The reply should hold every line of the data, unchanged and complete.

*** MATERIAL FOR THIS EXERCISE Section Begins ***

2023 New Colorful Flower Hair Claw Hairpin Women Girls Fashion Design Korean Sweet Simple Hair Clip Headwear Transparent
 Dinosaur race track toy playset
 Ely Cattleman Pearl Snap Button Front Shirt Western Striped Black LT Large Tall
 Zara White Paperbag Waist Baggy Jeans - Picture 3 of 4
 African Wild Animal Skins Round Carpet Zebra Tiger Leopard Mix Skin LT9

*** MATERIAL FOR THIS EXERCISE Section Ends ***

→ **ANSWER BOX**
2023 New Colorful Flower Hair Claw Hairpin Women Girls Fashion Design Korean Sweet Simple Hair Clip Headwear Transparent
 Dinosaur race track toy playset
 Ely Cattleman Pearl Snap Button Front Shirt Western Striped Black LT Large Tall
 Zara White Paperbag Waist Baggy Jeans - Picture 3 of 4
 African Wild Animal Skins Round Carpet Zebra Tiger Leopard Mix Skin LT9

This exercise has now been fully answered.